Mnesia is a (potentially) distributed database written in Erlang. It provides an easy mechanism for storing Erlang terms. While it is not an RDBMS, it does provide a query mechanism based on list comprehensions. It also supports transactional behavior and has the ability to duplicate Erlang tables on other machines

Runtime
One thing that isn’t discussed enough are the features of the Erlang runtime/VM. The runtime is very efficient at managing processes, much more so that languages like Python, Ruby, or Java. Erlang programs have been deployed in telephone switching products for years, with extremely long uptimes – due in part to Erlang’s hot code swapping capabilities. Java’s hot code replacement or Python’s reload are substantially weaker than Erlang’s hot code swapping. So while libraries that provide an actor like model can help people learn a good programming model for concurrency, it’s less clear to me that the languages (and the implementations of those languages) hosting the libraries will be as good as Erlang when it comes to highly concurrent applications. Of course, if an application isn’t that concurrent it might not matter.

Conclusion
Semantically, there is a lot to like about Erlang – the actor based concurrency model, hot code swapping, higher order functions, and (once one gets used to it) pattern matching. The OTP libraries have been refined by many years of production usage in demanding, commercial applications.

At the same time, there are number of issues which I think are real barriers to Erlang adoption. The syntax will prove difficult for many people, which is a big issue. I’ve already mentioned the problems with string handling, and really that generalizes to a lack of libraries for performing 21st century / web computing tasks. The nice thing about telephone switches is that you don’t really have to talk to the world. But if Erlang is to be viable as a solution for mainstream programming as it moves to more concurrency, Erlang programs must be able talk to the environments around them.

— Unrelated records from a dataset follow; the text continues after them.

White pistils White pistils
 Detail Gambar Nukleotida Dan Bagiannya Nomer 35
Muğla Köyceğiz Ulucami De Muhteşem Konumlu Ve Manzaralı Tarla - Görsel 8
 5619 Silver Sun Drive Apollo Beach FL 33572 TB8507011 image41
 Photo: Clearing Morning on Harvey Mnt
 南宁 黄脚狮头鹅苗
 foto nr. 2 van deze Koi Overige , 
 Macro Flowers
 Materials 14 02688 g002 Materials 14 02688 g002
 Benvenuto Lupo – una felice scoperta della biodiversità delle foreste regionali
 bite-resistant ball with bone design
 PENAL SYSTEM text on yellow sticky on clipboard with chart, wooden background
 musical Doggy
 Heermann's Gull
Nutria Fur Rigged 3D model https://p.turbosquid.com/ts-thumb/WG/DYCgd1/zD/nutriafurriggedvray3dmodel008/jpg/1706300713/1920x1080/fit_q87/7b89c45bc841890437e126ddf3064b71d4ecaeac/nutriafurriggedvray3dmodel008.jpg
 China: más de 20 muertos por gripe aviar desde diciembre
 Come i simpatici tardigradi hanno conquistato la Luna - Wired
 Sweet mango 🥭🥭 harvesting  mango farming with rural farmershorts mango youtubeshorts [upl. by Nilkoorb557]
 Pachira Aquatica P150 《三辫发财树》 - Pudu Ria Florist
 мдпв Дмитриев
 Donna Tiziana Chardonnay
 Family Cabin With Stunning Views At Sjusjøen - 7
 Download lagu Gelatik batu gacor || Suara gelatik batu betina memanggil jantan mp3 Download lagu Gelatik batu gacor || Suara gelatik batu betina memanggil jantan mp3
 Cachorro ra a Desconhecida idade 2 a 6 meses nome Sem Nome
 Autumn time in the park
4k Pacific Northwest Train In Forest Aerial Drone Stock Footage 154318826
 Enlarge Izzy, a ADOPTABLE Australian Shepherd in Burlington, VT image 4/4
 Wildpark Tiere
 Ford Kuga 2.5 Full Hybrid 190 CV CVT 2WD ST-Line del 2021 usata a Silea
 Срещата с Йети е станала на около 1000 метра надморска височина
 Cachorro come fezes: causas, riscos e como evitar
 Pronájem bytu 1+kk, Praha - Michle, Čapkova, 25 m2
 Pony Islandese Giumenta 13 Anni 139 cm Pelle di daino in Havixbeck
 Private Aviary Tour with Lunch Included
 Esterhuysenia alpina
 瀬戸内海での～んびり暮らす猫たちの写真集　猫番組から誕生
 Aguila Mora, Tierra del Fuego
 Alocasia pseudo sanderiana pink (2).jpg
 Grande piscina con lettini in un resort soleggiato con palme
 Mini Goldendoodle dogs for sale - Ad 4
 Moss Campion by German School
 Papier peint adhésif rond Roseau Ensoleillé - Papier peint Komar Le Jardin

I am aware of several projects where Erlang is being used to do the heavy server lifting and then data is being passed off to programs written in more familiar languages like Python, Ruby, or Java. Certainly this is one way that people could begin to exploit the benefits of Erlang without converting wholesale. It would also give the Erlang community some time to improve Erlang to the point where it could be adopted by a larger audience.